:: TASK DIRECTIONS ::
Scan the data. Collect each line that contains the word "flowers".

[Records from a data collection]
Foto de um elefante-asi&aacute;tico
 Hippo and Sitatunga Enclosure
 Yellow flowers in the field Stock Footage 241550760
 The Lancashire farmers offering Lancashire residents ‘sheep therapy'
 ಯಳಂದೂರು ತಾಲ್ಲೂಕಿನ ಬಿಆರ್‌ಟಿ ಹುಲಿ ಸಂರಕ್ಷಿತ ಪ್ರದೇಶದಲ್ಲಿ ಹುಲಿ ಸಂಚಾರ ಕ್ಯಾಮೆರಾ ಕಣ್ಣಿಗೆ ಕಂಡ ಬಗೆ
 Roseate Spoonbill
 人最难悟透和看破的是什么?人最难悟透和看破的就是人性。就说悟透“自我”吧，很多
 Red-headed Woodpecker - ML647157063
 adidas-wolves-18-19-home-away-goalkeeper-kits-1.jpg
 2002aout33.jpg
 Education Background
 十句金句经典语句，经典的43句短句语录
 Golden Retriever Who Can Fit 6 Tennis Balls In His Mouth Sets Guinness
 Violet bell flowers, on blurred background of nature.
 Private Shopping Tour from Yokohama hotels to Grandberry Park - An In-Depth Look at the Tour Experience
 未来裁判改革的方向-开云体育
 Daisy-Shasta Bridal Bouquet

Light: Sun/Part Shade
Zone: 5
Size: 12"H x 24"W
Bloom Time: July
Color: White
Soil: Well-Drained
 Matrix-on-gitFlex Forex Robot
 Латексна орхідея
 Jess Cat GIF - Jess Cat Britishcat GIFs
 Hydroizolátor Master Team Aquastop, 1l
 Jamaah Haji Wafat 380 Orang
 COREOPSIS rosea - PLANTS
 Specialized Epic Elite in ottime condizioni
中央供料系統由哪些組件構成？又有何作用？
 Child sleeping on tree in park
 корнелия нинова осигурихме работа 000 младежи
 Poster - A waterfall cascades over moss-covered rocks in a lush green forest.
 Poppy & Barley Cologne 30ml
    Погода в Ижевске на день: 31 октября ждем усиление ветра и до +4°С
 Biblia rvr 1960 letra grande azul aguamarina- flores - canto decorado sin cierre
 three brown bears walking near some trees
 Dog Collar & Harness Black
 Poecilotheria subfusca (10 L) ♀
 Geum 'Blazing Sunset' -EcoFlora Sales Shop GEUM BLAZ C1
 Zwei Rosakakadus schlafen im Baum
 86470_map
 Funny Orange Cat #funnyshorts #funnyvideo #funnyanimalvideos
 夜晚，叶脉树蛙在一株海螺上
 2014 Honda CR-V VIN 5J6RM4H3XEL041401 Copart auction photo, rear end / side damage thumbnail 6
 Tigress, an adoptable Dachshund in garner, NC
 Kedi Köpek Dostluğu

:: SOLVED PROBLEM ::
 Yellow flowers in the field Stock Footage 241550760
 Violet bell flowers, on blurred background of nature.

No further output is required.